Raymond Penblanc | Un livre qui m’entraîne
Les Trois Mousquetaires, Alexandre Dumas, tome 1, Éditions Hachette. Plus tard, quand je posséderai assez de livres pour m’obliger à les classer, il portera aussi le numéro 1. Parmi les rares illustrations en noir et blanc de Philippe Ledoux, l’une me retient aussitôt. On y voit D’Artagnan engageant le fer avec Bernajoux, un des gardes du cardinal, dans une rue pavée de la capitale. En légende, on peut lire : « En garde donc, Monsieur, en garde ! » Une de mes phrases préférées, à la fois mot de passe et cri de guerre. L’autre phrase : « D’Artagnan, dit Athos, d’un ton de doux reproche » sonne mystérieusement tel un alexandrin de Racine.
Ce livre, je le possède toujours. De même que je possède le tome 2 (couverture cartonnée verte), ainsi que les volumes qui suivent, Vingt ans après (2 tomes), et Le Vicomte de Bragelonne (2 tomes.) Aucun ne vaut le premier. Je les ai moins souvent relus. Alors que lui, oui. Il est d’ailleurs passé par d’autres mains. Sa couverture souple avec mon nom écrit en rouge à l’intérieur est devenue grisâtre, certaines pages sont sur le point de se déchirer. Entièrement détaché de la tranche, il laisse apparaître les fils reliant les feuillets. Mon livre cousu de fil blanc.
Je ne me souviens pas si je vois le film d’André Hunebelle, avec Georges Marchal dans le rôle de D’Artagnan, avant, ou après ma première lecture. Toujours est-il que les deux se télescopent. Il y a ce que je lis, il y a ce que je vois, et il y a bien sûr ce que j’invente. Ce qui va m’amener à récrire le livre à la lumière du film. Car le premier livre à me prendre sur son aile, ça donne ça aussi, un autre livre. Mon Livre. Mon premier livre. C’est dans un cahier bleu à spirales, écrit à la plume Sergent-Major et à l’encre (bleue ? violette ?).

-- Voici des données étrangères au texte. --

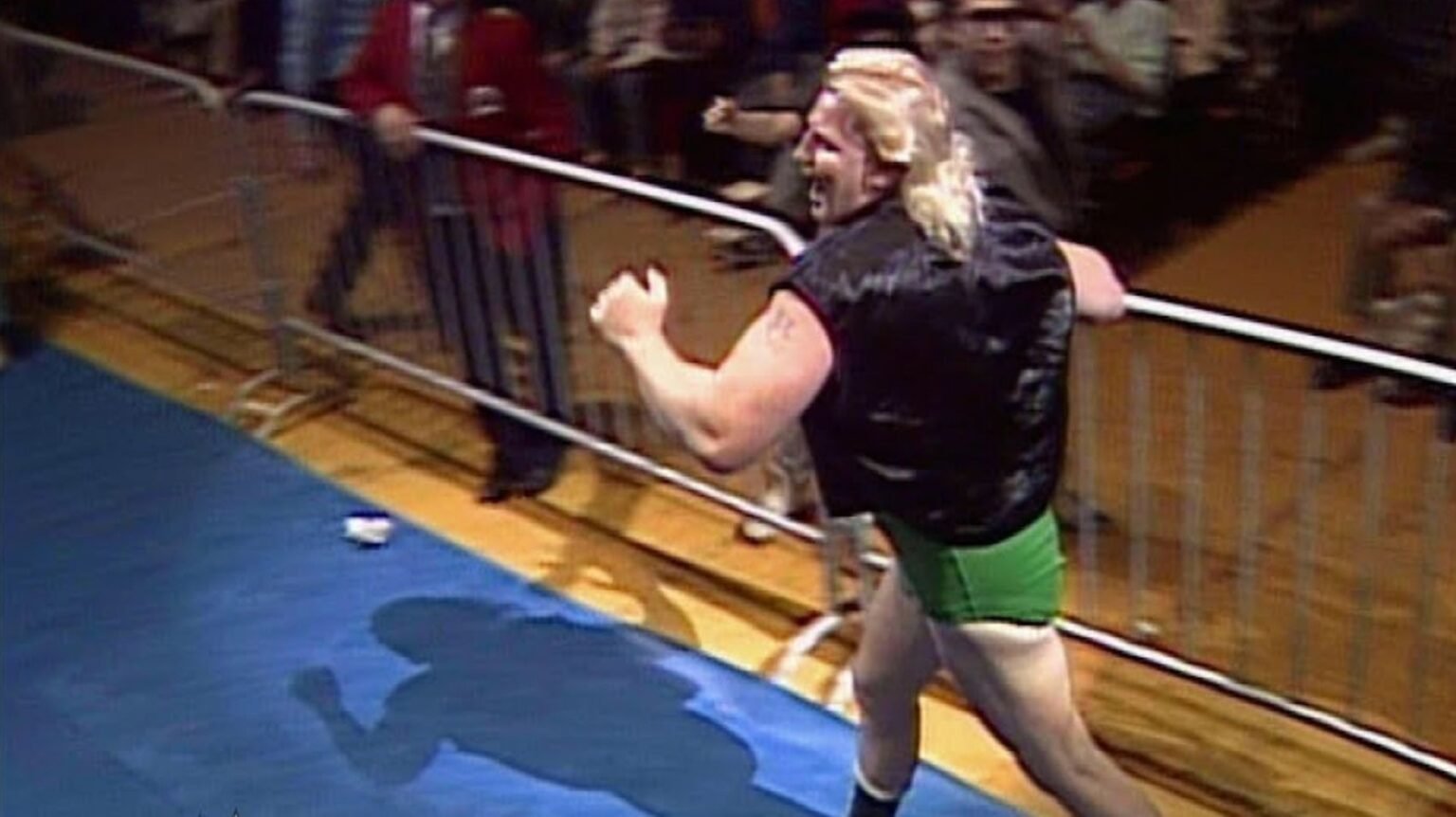 Early WWE Star Pete Doherty Reportedly Dies At Age 85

Je n’ai aucun souvenir de l’écriture de ce livre. Ni de l’événement qui en scellera la fin. Quelques mois plus tard je passerai à autre chose (sans renier mes héros), et les pages de mon livre-cahier finiront sur le tas de détritus, derrière la maison. Ma cousine en prélèvera quelques-unes, dont elle se servira pour railler mes ambitions littéraires. On ne s’expose pas ainsi devant la famille. Et quand on choisit la postérité, on procède autrement. Triste. Encore une histoire qui finit mal. Heureusement elle en nourrira d’autres. (Mais ça, comme on dit, c’est une autre histoire.)